Aim of the task ->
Every entry that follows is to be set down exactly, with its pictures omitted.

*** Opening of Records for this task ***

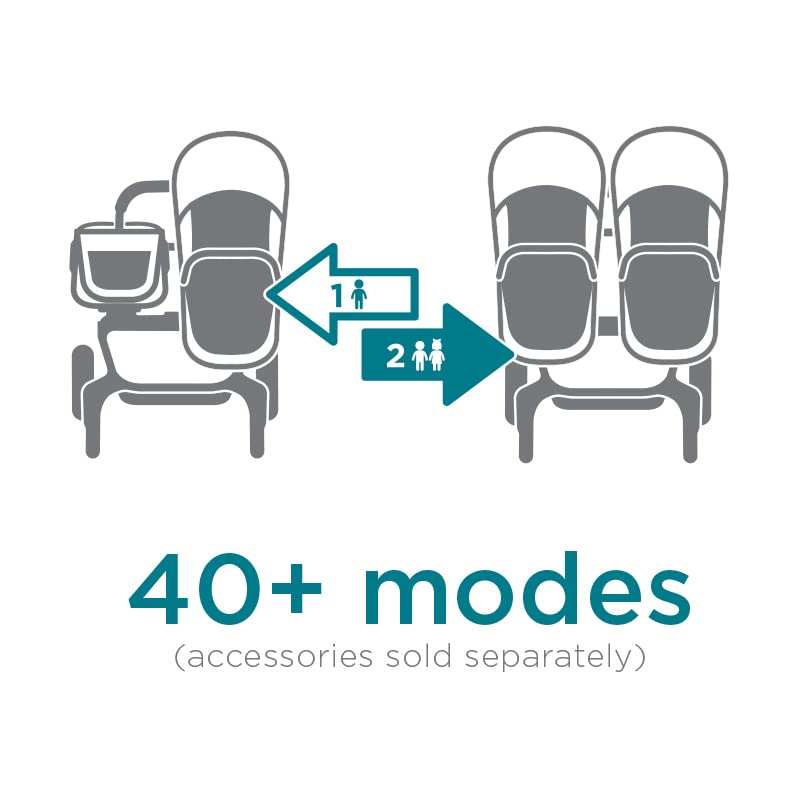 Contours Element Side - by - Side Convertible Toddler and Baby Stroller Single - to - Double (Stealth Black) - Kidsy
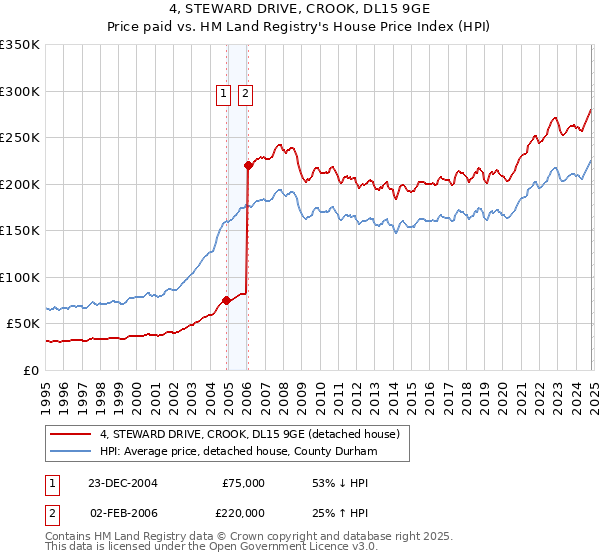 4, STEWARD DRIVE, CROOK, DL15 9GE: Price paid vs HM Land Registry's House Price Index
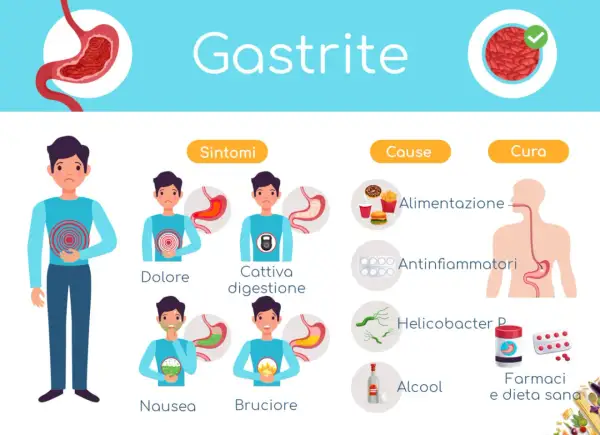 Illustrazione sulla gastrite cronica: sintomi (dolore, cattiva digestione, nausea, bruciore), cause (alimentazione, antinfiammatori, Helicobacter P, alcool) e cura (farmaci, dieta sana).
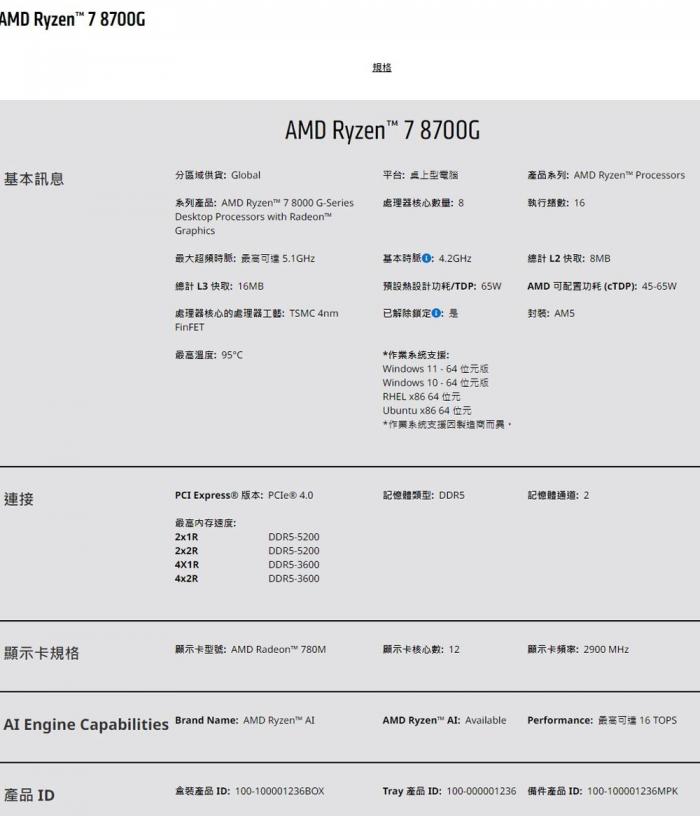 AMD R7 8700G 盒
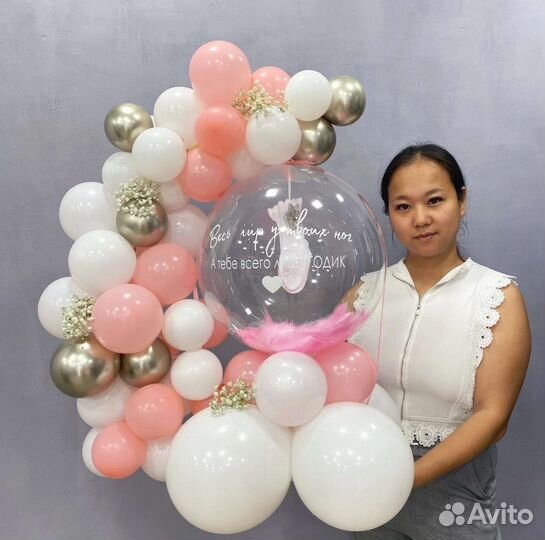 Воздушные шары на день рождения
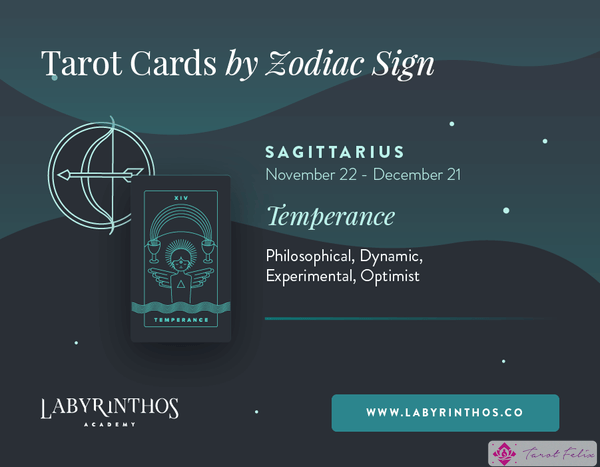 Sagitario y Templanza: Cartas del Tarot de Astrología - Cartas del Tarot del Zodíaco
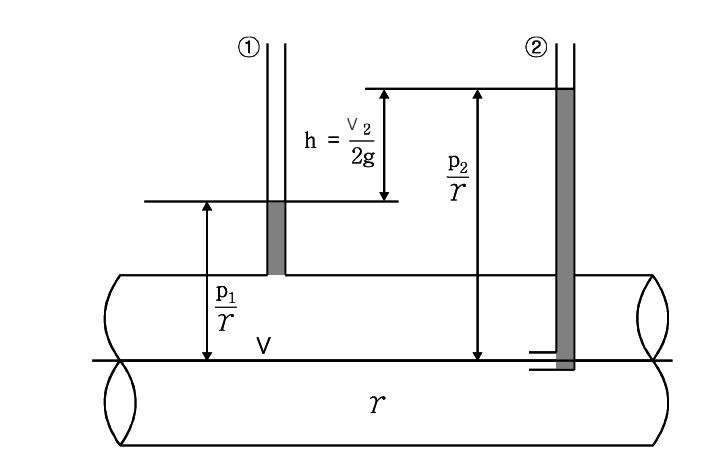 Velocity Measure Principle of Pitot tube.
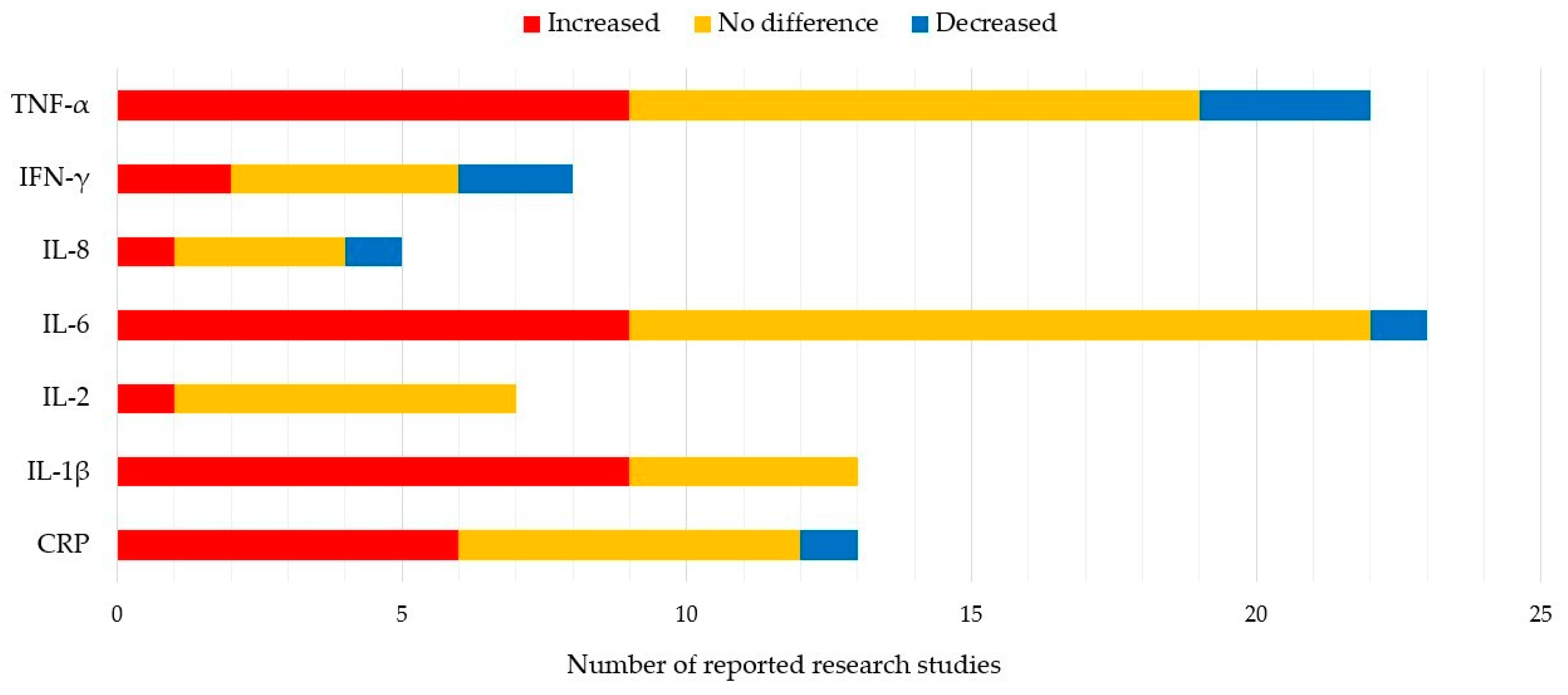 Diagnostics 13 00693 g001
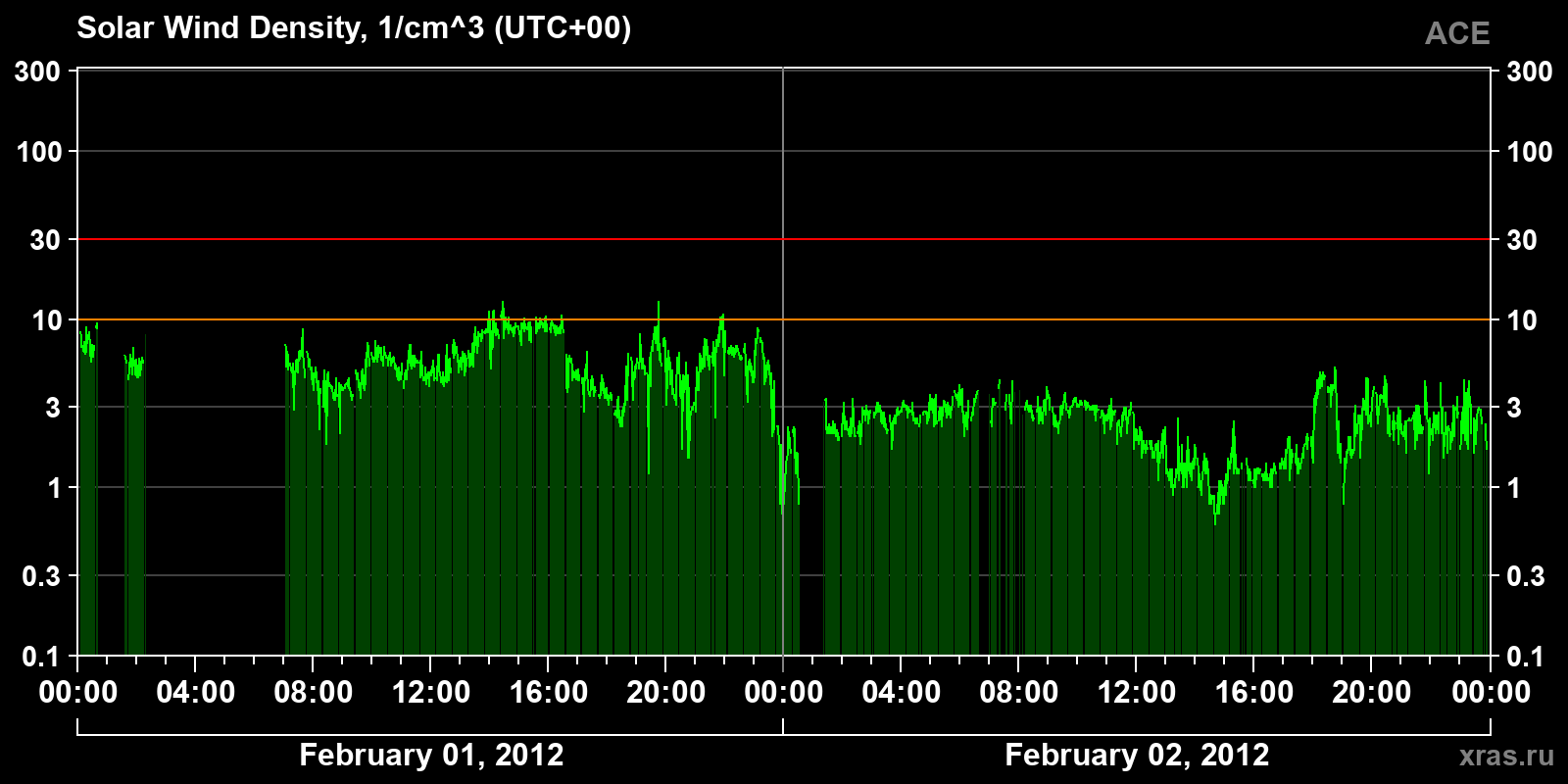 Solar wind density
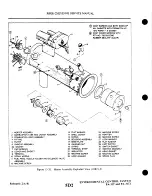 Preview for 927 page of Cheyenne PA-31T CHEYENNE Service Manual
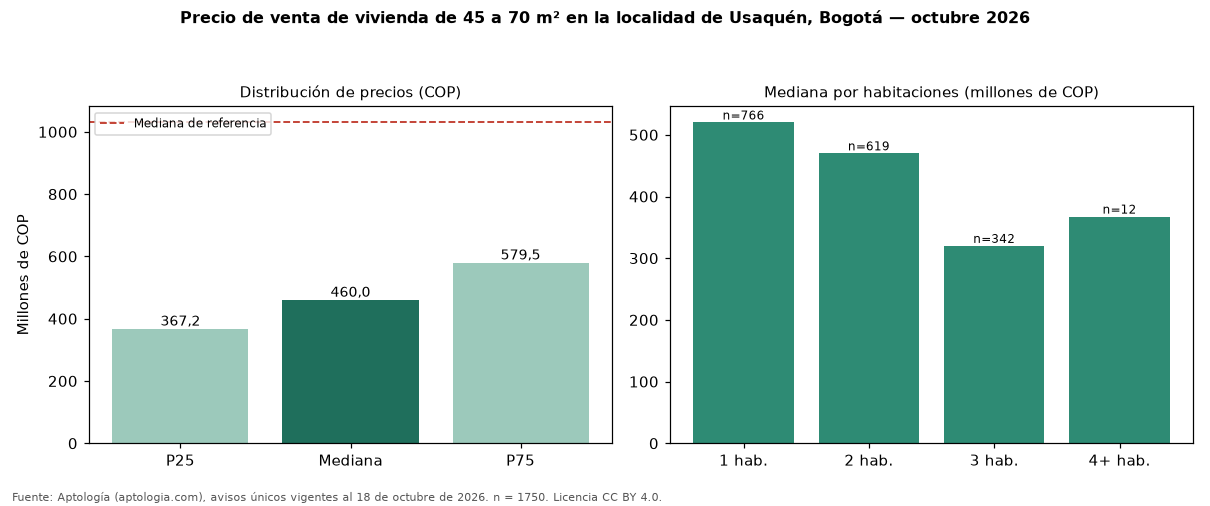 Precio de venta de vivienda de 45 a 70 m² en la localidad de Usaquén, Bogotá — octubre 2026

*** Close of Records for this task ***

Written response ->
 Contours Element Side - by - Side Convertible Toddler and Baby Stroller Single - to - Double (Stealth Black) - Kidsy
 4, STEWARD DRIVE, CROOK, DL15 9GE: Price paid vs HM Land Registry's House Price Index
 Illustrazione sulla gastrite cronica: sintomi (dolore, cattiva digestione, nausea, bruciore), cause (alimentazione, antinfiammatori, Helicobacter P, alcool) e cura (farmaci, dieta sana).
 AMD R7 8700G 盒
 Воздушные шары на день рождения
 Sagitario y Templanza: Cartas del Tarot de Astrología - Cartas del Tarot del Zodíaco
 Velocity Measure Principle of Pitot tube.
 Diagnostics 13 00693 g001
 Solar wind density
 Preview for 927 page of Cheyenne PA-31T CHEYENNE Service Manual
 Precio de venta de vivienda de 45 a 70 m² en la localidad de Usaquén, Bogotá — octubre 2026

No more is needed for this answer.